I want to know which visa will be best suited for this also as i am a java developer
what would be the salary i should be asking for


I am from india working as java developer.


----------



## aspire (Apr 6, 2013)

Hi Ajay

First of all congratulations for an offer from NZ
Your status is mentioned as expat in Australia 
are u an OZ PR. If yes, then you dont require any work visa for NZ

I am an Indian citizen and was granted OZ PR in May.
I tried to contact many employers in Australia/NZ but no success as they want the person to be there first and I am currently in India
I work in datawarehouse domain

Could you suggest the consultant name with which you are dealing
It will begreat help 



ajay.lele83 said:


> Hi All,
> 
> 
> I have been currently interviewed from one of the accredited IT employer from Auckland, and it looks like i will be offered a job.
> ...


----------



## escapedtonz (Apr 6, 2012)

ajay.lele83 said:


> Hi All,
> 
> 
> I have been currently interviewed from one of the accredited IT employer from Auckland, and it looks like i will be offered a job.
> ...


With a job offer you could go for Residency as I would expect this would give you enough points for automatic selection of the EOI.
You could also go for Work to Residency since the employer is on the accredited employers list or Temporary Work Visa.

All depends how soon you wish to be in the country or how soon your employer would want you in the country.

If you want or need to be in NZ within 3 months I'd say go the Temporary Work Visa Route. Within 6 months WTR visa route or longer Residency visa route.

Have a look at each and their requirements on the Immigration NZ website.

Immigration New Zealand


----------



## Ronalyn (Aug 29, 2013)

Hi Ajay,

I want to know how you applied for a job in New Zealand while you are in India. Could you give me the website? How about the interview? Is it thru web or phone?

I want to apply for a Skilled Migrant Visa in NZ and I need an additional bonus points to get a higher score in the assessment. One thing came to my mind is to obtain a bonus points thru a job offer from NZ employer but I do not know exactly the procedure of having that job offer. I hope you can help me. 

By the way, I am from Philippines working as an Accountant.


----------



## escapedtonz (Apr 6, 2012)

Ronalyn said:


> Hi Ajay,
> 
> I want to know how you applied for a job in New Zealand while you are in India. Could you give me the website? How about the interview? Is it thru web or phone?
> 
> ...


HI,

You use the normal methods to find a job, that you would use anywhere else in the world. You use the internet and the relevant websites that advertise the roles in your particular area of expertise. You then follow the instructions to apply.

Try these sites :-

Jobs on SEEK - New Zealand's no.1 Employment, Career and Recruitment site
Buy online and sell with NZ's #1 auction & classifieds site | Trade Me

When looking through the job adverts, the majority of them will be managed by a recruitment agency. Not many companies carry out direct recruiting here in NZ.
The recruiting agencies have the job of filtering out all the people they think that do and don't fit a particular role and they are paid on commission when they find someone suitable for interview and job offer.
When looking at the ads you can also make a note of the recruitment agency and have a look on their own company website which will also be full of job adverts in their portfolio.
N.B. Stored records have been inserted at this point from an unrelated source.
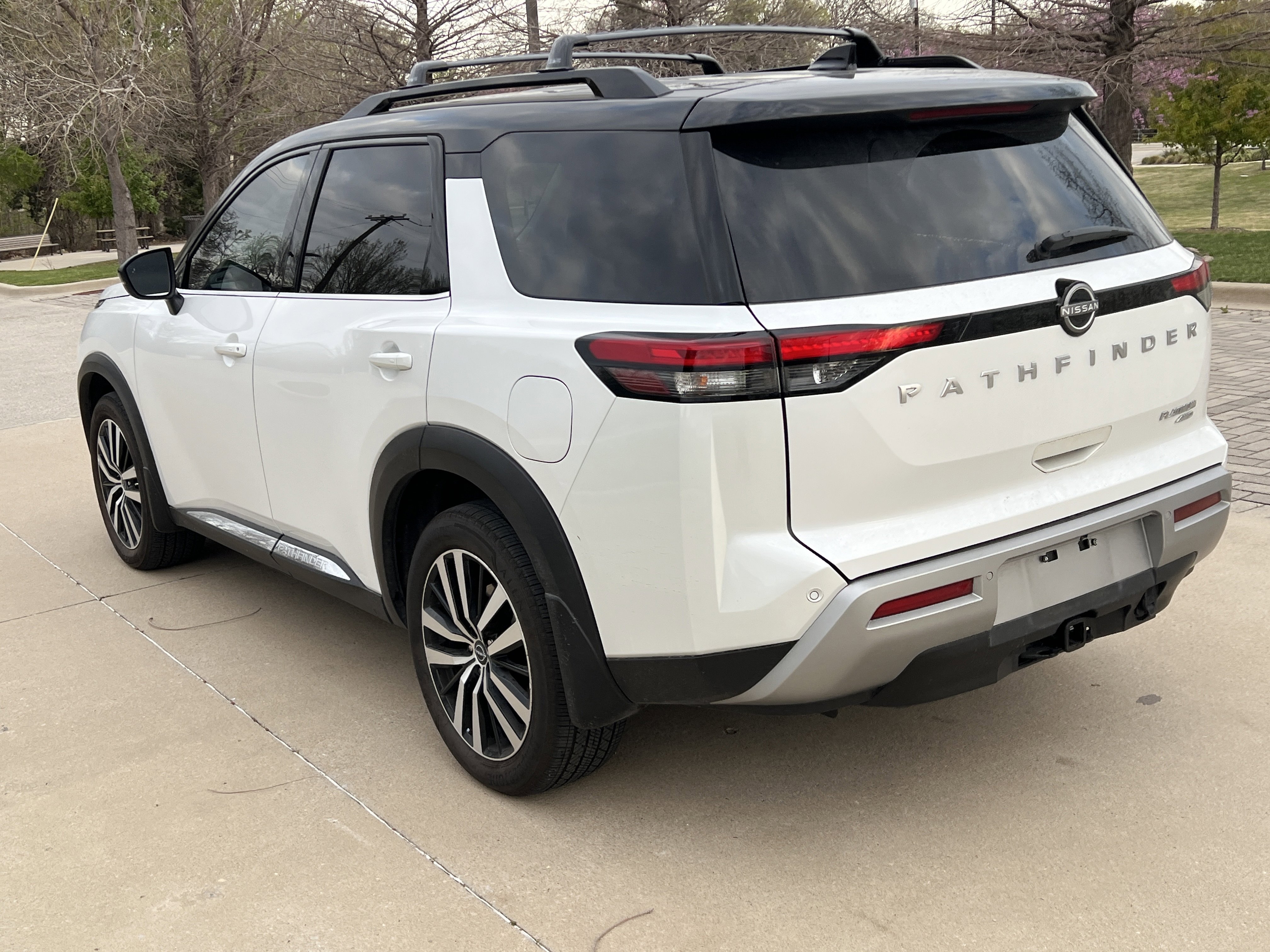 Used 2025 Nissan Pathfinder Platinum image 8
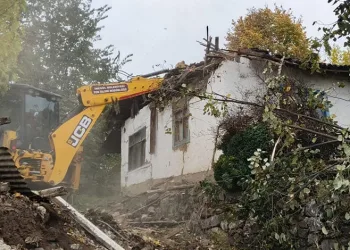 İnegöl yıkımlarla nefes alıyor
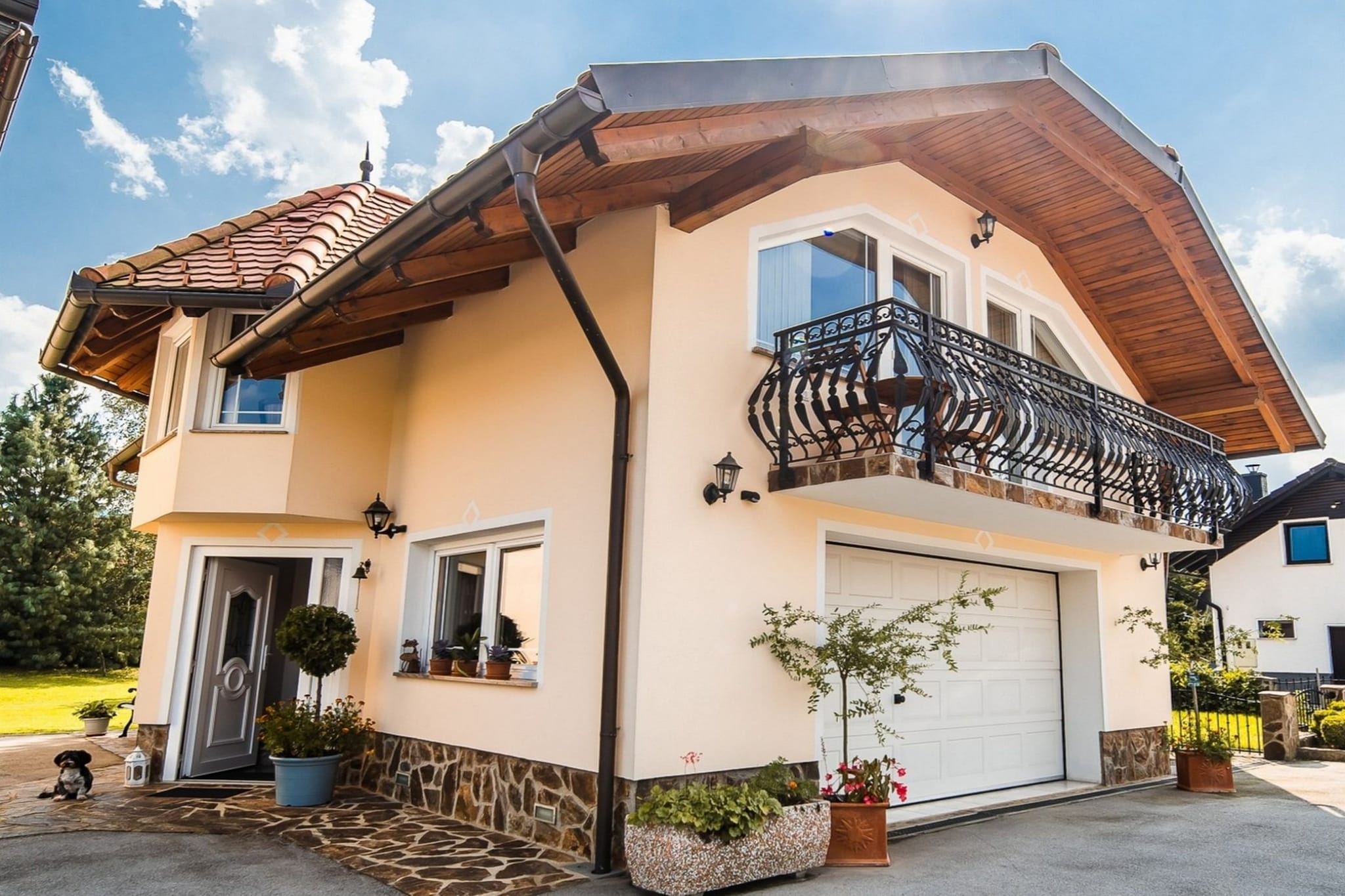 Sunny and Comfortable Apartment with Terrace and Garden - Two Bedroom Apartment with Terrace-Extérieur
Interviews for overseas applicants are done by Skype, Video conference and telephone.

Regards,


----------



## hello_arry (Feb 17, 2013)

If you are still looking... you can search for SK Migration in Bangalore.
His name is Mohit. A very nice and professional gentleman. He deals in inter-state clients in India as well. And has a lot of knowledge.


----------



## ajay.lele83 (Mar 27, 2013)

My 2 round of interviews are over and employer have said that they are still in process of interviewing other candidates once this is done they would take decision on hiring.

Is it normal in NZ that employers take so much time deciding if they wish to fulfill this position? it means now it all depends on my luck to get job offer as i do not have work visa or SMC.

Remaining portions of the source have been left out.